TASK OBJECTIVE = The expected response consists solely of the lines from the line with "Set short para niña 2" through the last line of the material below, copied exactly.
RECORDS FOR THIS TASK Start Marker
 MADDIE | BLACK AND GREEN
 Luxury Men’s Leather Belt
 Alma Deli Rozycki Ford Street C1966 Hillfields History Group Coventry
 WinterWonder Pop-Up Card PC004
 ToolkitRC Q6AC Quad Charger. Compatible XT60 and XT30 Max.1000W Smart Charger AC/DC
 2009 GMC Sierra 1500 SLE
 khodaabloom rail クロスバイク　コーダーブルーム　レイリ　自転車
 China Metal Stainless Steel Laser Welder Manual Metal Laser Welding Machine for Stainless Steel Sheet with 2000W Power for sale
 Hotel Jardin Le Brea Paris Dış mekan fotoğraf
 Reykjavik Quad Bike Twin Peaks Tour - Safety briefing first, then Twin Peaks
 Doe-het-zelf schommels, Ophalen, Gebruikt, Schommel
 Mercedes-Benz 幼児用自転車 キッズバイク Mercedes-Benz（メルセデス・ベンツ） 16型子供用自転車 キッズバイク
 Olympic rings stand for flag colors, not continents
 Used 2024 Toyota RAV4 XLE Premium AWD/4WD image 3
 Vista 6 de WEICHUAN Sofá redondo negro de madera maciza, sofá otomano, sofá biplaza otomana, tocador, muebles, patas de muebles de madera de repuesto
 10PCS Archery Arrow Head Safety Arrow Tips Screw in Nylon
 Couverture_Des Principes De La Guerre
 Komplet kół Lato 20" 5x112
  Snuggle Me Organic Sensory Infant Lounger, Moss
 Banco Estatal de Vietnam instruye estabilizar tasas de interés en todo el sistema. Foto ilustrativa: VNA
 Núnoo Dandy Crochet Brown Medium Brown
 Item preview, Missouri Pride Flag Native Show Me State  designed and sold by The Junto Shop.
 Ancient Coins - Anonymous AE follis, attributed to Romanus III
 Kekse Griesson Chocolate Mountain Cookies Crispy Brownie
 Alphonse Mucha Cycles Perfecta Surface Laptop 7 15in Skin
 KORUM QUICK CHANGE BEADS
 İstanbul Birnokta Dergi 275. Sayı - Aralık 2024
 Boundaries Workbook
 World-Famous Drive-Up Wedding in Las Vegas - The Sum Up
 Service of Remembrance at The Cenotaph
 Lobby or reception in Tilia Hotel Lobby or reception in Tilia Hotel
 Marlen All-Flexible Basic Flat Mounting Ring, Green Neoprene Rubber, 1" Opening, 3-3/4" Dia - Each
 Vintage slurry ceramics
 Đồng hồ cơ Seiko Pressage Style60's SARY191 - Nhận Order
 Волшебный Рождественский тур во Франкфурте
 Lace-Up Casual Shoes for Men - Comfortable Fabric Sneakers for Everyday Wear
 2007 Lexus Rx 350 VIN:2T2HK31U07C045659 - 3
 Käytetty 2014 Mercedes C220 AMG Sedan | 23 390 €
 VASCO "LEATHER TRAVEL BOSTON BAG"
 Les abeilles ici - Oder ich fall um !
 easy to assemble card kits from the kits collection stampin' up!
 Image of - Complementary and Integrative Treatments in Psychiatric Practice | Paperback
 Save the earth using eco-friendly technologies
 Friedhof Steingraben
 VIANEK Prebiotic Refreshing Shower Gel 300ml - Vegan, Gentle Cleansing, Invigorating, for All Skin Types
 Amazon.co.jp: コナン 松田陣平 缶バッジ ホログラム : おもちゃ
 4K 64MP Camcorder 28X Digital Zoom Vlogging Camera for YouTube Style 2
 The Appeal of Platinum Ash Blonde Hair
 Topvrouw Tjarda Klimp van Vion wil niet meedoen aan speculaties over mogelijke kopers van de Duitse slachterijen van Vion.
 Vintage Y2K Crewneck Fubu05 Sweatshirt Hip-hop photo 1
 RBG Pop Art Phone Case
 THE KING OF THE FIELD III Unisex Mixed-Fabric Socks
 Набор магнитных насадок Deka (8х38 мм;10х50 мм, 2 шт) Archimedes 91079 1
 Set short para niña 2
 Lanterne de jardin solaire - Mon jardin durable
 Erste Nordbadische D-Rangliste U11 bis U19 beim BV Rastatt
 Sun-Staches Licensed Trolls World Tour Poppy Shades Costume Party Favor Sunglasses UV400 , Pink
RECORDS FOR THIS TASK End Marker
RESULT OF THIS EXERCISE =
 Set short para niña 2
 Lanterne de jardin solaire - Mon jardin durable
 Erste Nordbadische D-Rangliste U11 bis U19 beim BV Rastatt
 Sun-Staches Licensed Trolls World Tour Poppy Shades Costume Party Favor Sunglasses UV400 , Pink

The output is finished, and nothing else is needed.